The present invention introduces the broad concept of employing an extrinsic capacitor (a capacitor outside of the SAW resonator itself) to modify the anti-resonance frequency of the SAW resonator. The element (a combination of the SAW resonator and the extrinsic capacitor) is thereby given a diminished operating bandwidth (passband or notch). A diminished operating bandwidth is particularly advantageous in low cost applications, wherein downstream signal processing benefits from improved filtering.
In one embodiment of the present invention, the SAW resonator and the extrinsic capacitor share common terminals. In an embodiment to be illustrated and described, the SAW resonator and extrinsic capacitor are formed between a pair of parallel terminals on a common piezoelectric substrate.
In one embodiment of the present invention, the SAW filter element is a first SAW resonator and the element further includes a second SAW resonator non-transversely coupled in series with the first SAW resonator. In a related embodiment, the SAW resonator is a first SAW resonator and the SAW filter element further includes a second SAW resonator non-transversely coupled in series with the first SAW resonator and in parallel with the extrinsic capacitor. In an embodiment to be illustrated and described, certain elements of a SAW filter network include first and second SAW resonators non-transversely coupled in series and a single extrinsic capacitor coupled in parallel thereto. The extrinsic capacitor causes the anti-resonance frequencies of both the first and second SAW resonators to approach the resonance frequencies thereof and thereby narrow the bandwidth of the element as a whole.
In one embodiment of the present invention, the extrinsic capacitor has an intrinsic resonant frequency greater than the resonance frequency.

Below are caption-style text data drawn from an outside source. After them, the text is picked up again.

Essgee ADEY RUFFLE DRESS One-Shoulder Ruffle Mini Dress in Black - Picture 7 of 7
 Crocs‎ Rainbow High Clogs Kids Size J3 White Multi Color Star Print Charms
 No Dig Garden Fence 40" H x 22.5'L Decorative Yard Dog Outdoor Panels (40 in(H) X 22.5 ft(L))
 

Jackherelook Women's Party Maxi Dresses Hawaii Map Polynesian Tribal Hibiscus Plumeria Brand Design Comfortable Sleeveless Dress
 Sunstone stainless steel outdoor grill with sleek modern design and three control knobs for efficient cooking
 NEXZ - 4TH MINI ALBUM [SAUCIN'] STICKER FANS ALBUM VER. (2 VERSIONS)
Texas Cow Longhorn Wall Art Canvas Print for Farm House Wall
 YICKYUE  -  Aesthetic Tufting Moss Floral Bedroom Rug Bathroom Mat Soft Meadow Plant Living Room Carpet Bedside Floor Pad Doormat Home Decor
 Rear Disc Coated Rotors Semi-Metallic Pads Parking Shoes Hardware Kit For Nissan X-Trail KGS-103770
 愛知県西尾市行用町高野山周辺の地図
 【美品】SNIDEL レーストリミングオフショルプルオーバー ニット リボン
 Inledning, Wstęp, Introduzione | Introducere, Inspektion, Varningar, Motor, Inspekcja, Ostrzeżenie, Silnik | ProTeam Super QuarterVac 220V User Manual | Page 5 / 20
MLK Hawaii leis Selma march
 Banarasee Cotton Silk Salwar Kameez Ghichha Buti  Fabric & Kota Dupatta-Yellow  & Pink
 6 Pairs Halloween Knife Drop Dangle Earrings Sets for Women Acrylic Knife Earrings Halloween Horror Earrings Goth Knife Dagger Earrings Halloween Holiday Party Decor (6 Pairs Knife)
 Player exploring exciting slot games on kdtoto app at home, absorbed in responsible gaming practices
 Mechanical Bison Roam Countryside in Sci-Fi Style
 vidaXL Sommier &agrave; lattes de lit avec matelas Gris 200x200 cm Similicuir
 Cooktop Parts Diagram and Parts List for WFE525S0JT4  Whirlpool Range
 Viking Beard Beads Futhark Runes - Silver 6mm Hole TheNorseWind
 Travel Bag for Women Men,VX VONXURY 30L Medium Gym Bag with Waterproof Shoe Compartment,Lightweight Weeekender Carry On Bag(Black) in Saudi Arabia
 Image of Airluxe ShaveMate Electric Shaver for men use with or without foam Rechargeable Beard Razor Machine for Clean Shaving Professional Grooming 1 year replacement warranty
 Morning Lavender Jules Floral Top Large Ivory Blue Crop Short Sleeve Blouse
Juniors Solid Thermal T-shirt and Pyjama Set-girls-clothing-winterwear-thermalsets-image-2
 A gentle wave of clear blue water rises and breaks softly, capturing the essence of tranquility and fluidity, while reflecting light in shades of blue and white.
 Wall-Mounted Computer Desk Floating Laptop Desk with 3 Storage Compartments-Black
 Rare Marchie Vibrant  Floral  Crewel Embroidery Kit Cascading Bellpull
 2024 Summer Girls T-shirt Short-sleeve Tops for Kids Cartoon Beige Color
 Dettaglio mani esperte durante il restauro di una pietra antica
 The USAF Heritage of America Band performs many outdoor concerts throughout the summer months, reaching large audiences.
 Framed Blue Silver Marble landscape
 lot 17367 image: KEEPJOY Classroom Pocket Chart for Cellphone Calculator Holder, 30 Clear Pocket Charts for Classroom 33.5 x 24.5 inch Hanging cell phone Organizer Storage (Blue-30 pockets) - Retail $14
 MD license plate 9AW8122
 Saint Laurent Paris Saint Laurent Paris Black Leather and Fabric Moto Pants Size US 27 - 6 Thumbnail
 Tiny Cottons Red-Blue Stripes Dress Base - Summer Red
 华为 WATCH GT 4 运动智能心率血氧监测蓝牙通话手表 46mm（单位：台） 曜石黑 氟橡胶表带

Alternatively, the extrinsic capacitor has an intrinsic resonant frequency less than the resonance frequency.
In one embodiment of the present invention, the SAW resonator comprises an interdigitated central region and opposing shorted end regions. In a manner that is known to those skilled in the pertinent art, the interdigitated central region supports a SAW, and the shorted end regions reflect and contain it.
In one embodiment of the present invention, the SAW filter network has a resonance frequency between 900 and 920 megahertz. Although those skilled in the pertinent art will understand that such frequency is particularly advantageous for portable telephone applications, the present invention is not limited to a particular band or bandwidth.
The foregoing has outlined, rather broadly, preferred and alternative features of the present invention so that those skilled in the art may better understand the detailed description of the invention that follows. Additional features of the invention will be described hereinafter that form the subject of the claims of the invention. Those skilled in the art should appreciate that they can readily use the disclosed conception and specific embodiment as a basis for designing or modifying other structures for carrying out the same purposes of the present invention. Those skilled in the art should also realize that such equivalent constructions do not depart from the spirit and scope of the invention in its broadest form.